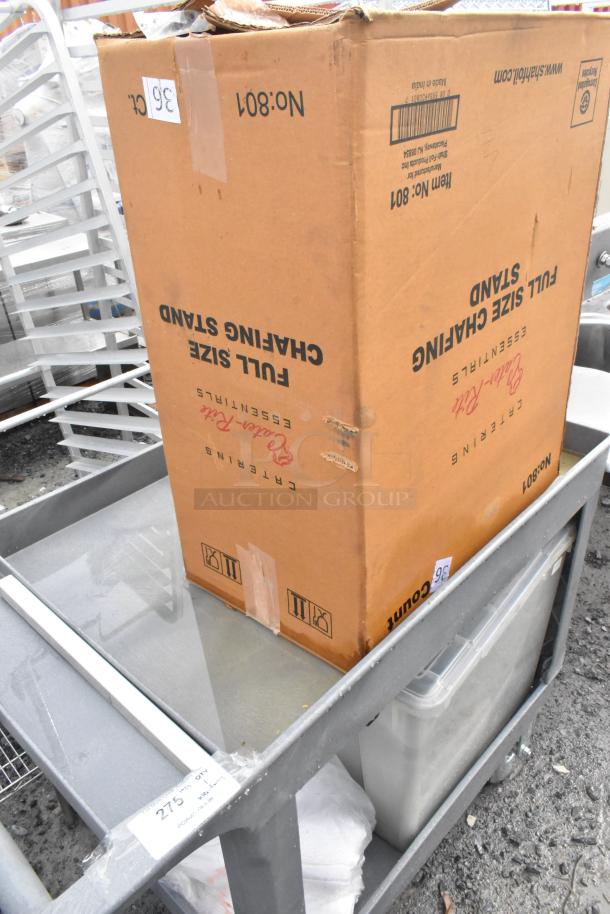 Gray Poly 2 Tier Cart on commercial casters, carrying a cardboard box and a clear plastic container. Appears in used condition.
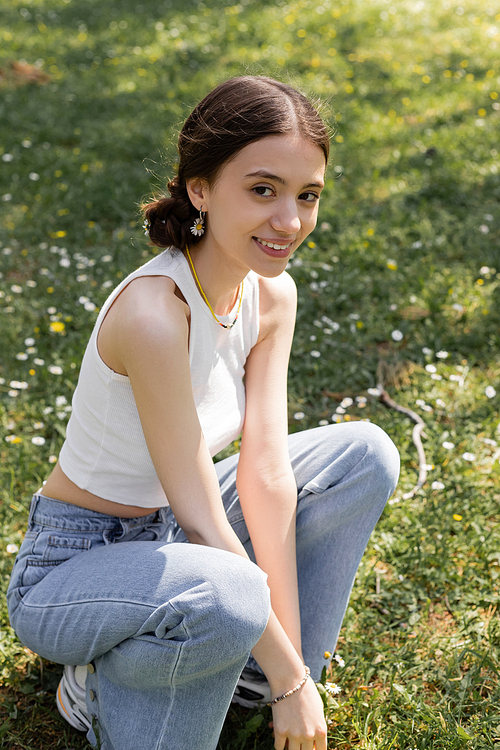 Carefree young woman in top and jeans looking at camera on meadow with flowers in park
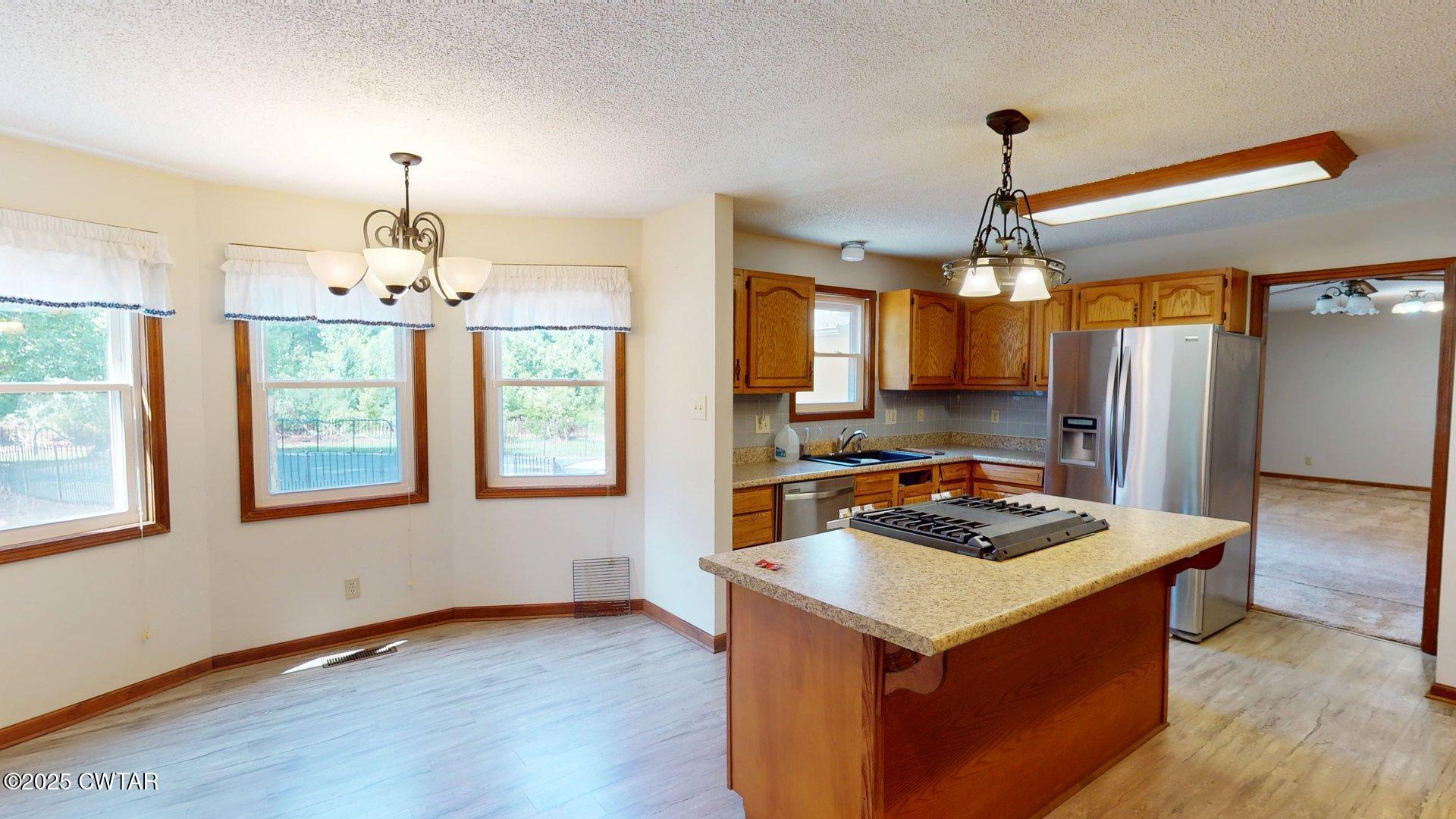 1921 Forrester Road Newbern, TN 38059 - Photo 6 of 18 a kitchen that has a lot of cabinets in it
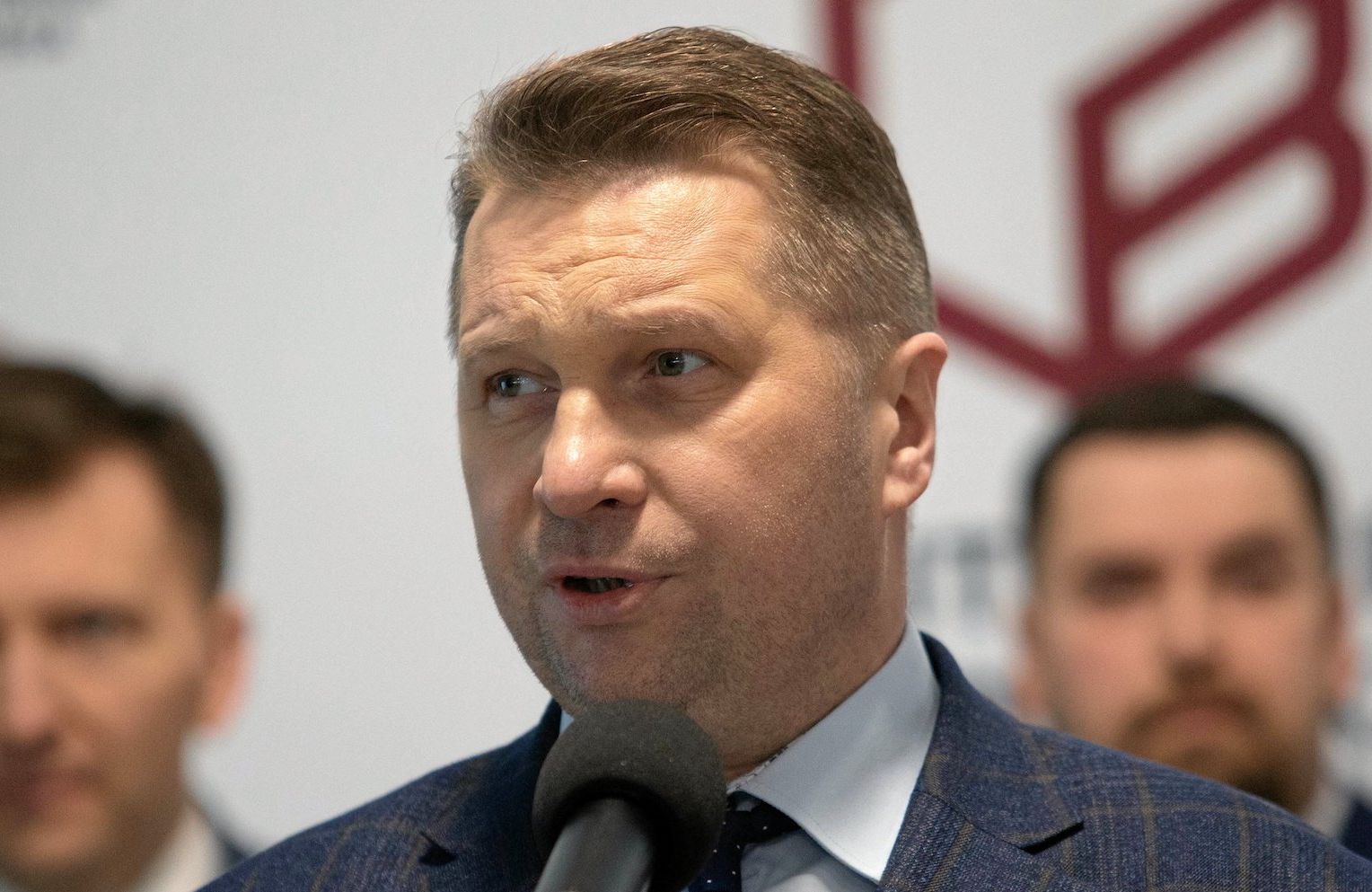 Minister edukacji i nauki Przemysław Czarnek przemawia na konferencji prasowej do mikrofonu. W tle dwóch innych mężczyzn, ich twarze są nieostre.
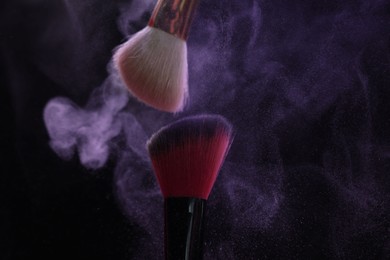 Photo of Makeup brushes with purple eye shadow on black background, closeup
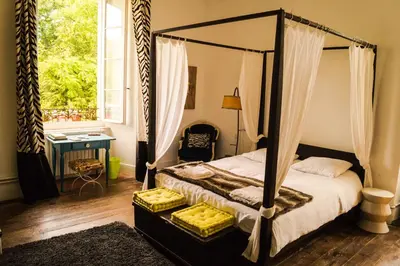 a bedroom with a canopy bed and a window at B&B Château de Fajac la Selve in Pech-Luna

⁂

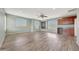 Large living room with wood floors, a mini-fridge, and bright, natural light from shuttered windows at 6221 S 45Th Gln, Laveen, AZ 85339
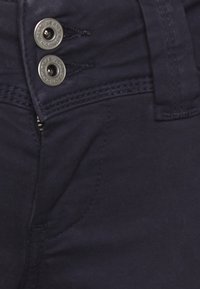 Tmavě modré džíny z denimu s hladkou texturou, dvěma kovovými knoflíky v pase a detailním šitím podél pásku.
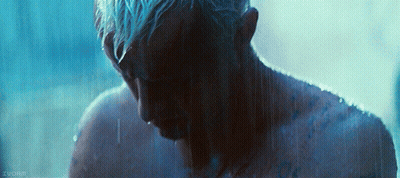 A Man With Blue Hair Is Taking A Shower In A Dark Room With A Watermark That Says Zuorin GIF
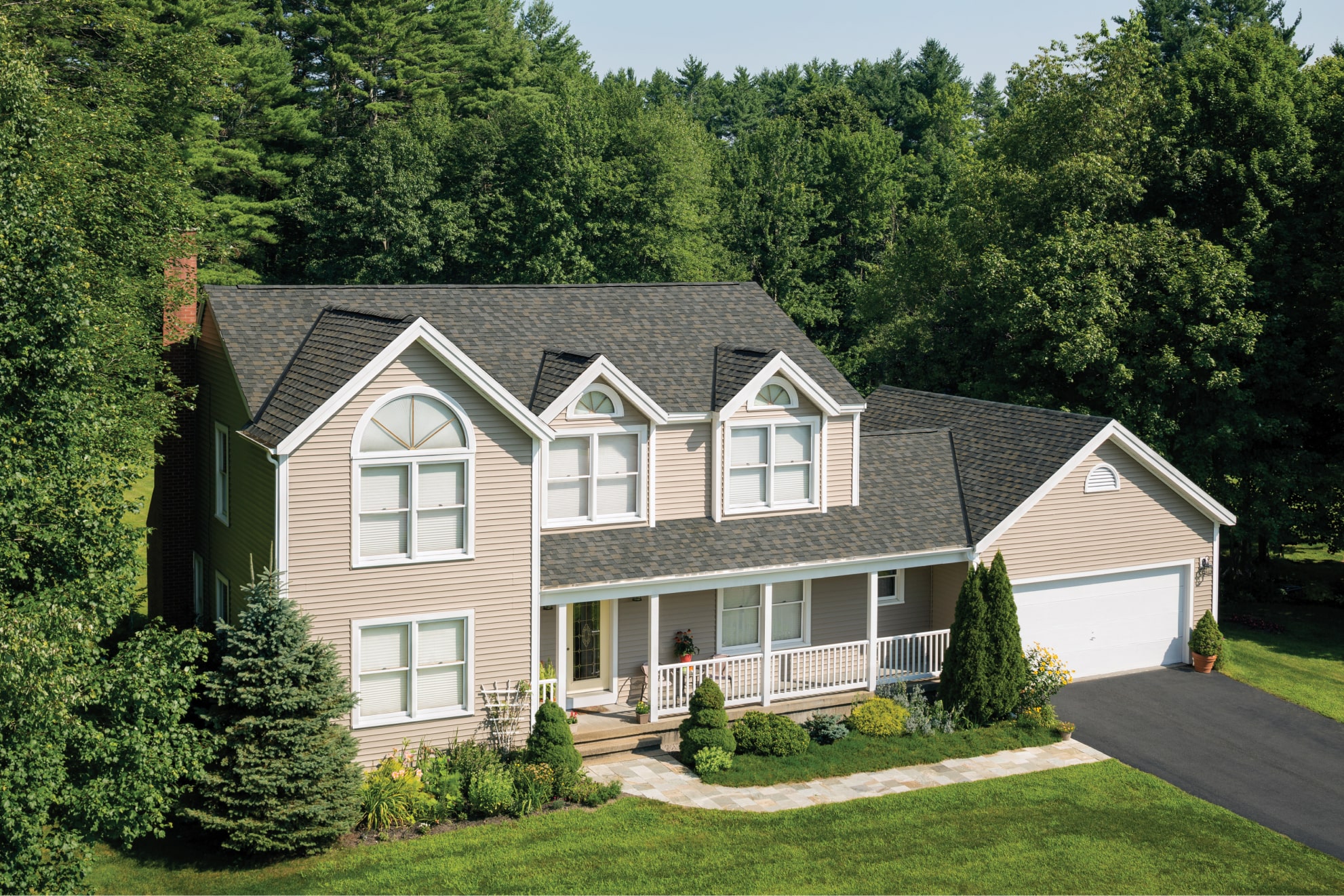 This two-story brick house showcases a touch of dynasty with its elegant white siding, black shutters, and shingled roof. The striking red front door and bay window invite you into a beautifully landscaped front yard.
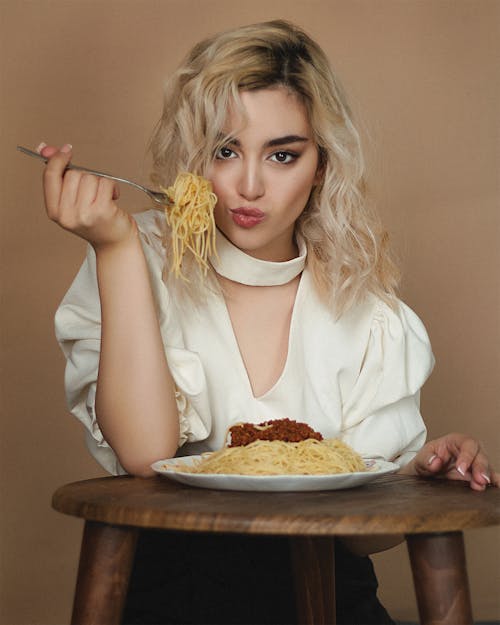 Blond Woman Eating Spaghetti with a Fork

⁂

Directions
Starting at the line above that holds "Minister edukacji i", repeat every line exactly down to and including the line that holds "a bedroom with", then stop. Do not carry over any pictures.

Result of this task
 Minister edukacji i nauki Przemysław Czarnek przemawia na konferencji prasowej do mikrofonu. W tle dwóch innych mężczyzn, ich twarze są nieostre.
 Photo of Makeup brushes with purple eye shadow on black background, closeup
 a bedroom with a canopy bed and a window at B&B Château de Fajac la Selve in Pech-Luna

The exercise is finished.